O primeiro discute-se assim. — Parece que Cristo não tomou o seu próprio corpo e sangue.
 
1. — Pois, não devemos afirmar dos atos e ditos de Cristo senão o que não nos transmitiu a autoridade da Sagrada Escritura. Ora, os Evangelhos não referem ter Cristo comido, o seu corpo nem bebido o seu sangue. Logo, também nós não podemos afirmá-la.
 
2. Demais. — Nenhum ser pode estar em si mesmo, salvo talvez em razão das partes, isto é, enquanto uma parte está em outra, como o en­sina Aristóteles. Ora, o que é comido e bebido está em quem come e bebe.

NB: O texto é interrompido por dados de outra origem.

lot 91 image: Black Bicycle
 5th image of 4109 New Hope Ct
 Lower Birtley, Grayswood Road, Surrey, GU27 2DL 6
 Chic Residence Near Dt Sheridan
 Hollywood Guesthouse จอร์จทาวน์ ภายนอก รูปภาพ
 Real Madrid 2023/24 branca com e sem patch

Logo, estando Cris­to totalmente sob ambas as espécies do sacra­mento, parece impossível que ele próprio rece­besse este sacramento.
 
3. Demais. — De dois modos podemos re­ceber este sacramento — o espiritual e sacra­mental. Ora, recebê-lo espiritualmente não ca­bia a Cristo, pois, nenhuma graça tinha a rece­ber deste sacramento. E por conseqüência nem o modo sacramental, que sem o espiritual é imperfeito, como se estabeleceu. Logo, Cristo de nenhum modo recebeu este sacramento.
 
Mas, em contrário, diz Jerônimo: Nosso Senhor Jesus Cristo foi ao mesmo tempo conviva e o banquete, ele próprio a si mesmo se comeu.
 
SOLUÇÃO. — Certos disseram que Cristo, na Ceia, deu aos seus discípulos o seu corpo e san­gue, mas ele próprio não os tomou. — Mas esta opinião é inadmissível. Porque Cristo era o pri­meiro a observar o que instituiu para os outros observarem. Por isso quis ser batizado antes de impor o batismo aos outros, segundo aquilo da Escritura: Começou Jesus a fazer e a ensinar. Por onde, primeiro tomou o seu corpo e o seu sangue e depois deu a tomá-las aos discípulos. Assim, àquilo da Escritura — Depois que comeu e bebeu, etc. — diz a Glosa: Cristo comeu e bebeu na ceia, quando deu aos discípulos o sa­cramento do seu corpo e sangue. Por onde, como os filhos tiveram carne e sangue comum, ele também participou igualmente das mesmas causas.
 
DONDE A RESPOSTA À PRIMEIRA OBJEÇÃO. — Os Evangelhos referem que Cristo tomou o pão e o cálice. Mas não devemos entendê-lo como os tivesse apenas tomado nas mãos, segundo certos dizem; senão que os tomou para os dar a tomar aos outros. Por isso, o dizer aos discípulos: ­Tomai e comei, e ainda — Tomai e bebei, deve-­se entender como tendo ele próprio tomado para comer e beber. Assim é que certos o disseram em verso:
 
O Rei está sentado, na Ceia, rodeado do grupo dos doze;
Tem-se a si mesmo nas mãos, é para si o seu próprio alimento.
 
RESPOSTA À SEGUNDA. — Como dissemos, Cris­to, enquanto está neste sacramento, ocupa lugar, não nas suas dimensões próprias, mas nas di­mensões das espécies sacramentais. De modo que, em qualquer lugar onde essas espécies esti­verem aí está o próprio Cristo. E como tais es­pécies podiam estar nas mãos e na boca de Cris­to, o próprio Cristo podia estar totalmente nas suas mãos e na sua boca. Mas isso não poderia dar-se se ocupasse um lugar segundo as suas espécies próprias.
 
RESPOSTA À TERCEIRA. — Como dissemos o efeito deste sacramento é não só o aumento da graça habitual, mas também uma certa deleita­ção atual com a doçura espiritual. Mas em­bora a graça de Cristo não aumentasse por ter recebido este sacramento, gozou contudo de um certo deleite espiritual, pela nova instituição dele. Por isso ele próprio o disse: Tenho desejado ansiosamente comer convosco esta Páscoa. O que Eusébio expõe como alusivo ao novo mis­tério do Testamento Novo, que transmitiu aos discípulos. Por onde, comungou tanto espiritual como sacramentalmente, enquanto tomou o seu corpo sob a forma de sacramento, sacramento que sabia e dispôs que era o do seu corpo. Mas de modo diferente do que os demais, quando o recebem sacramental e espiritualmente, que re­cebem aumento de graça e precisam dos sinais sacramentais para perceberem a verdade.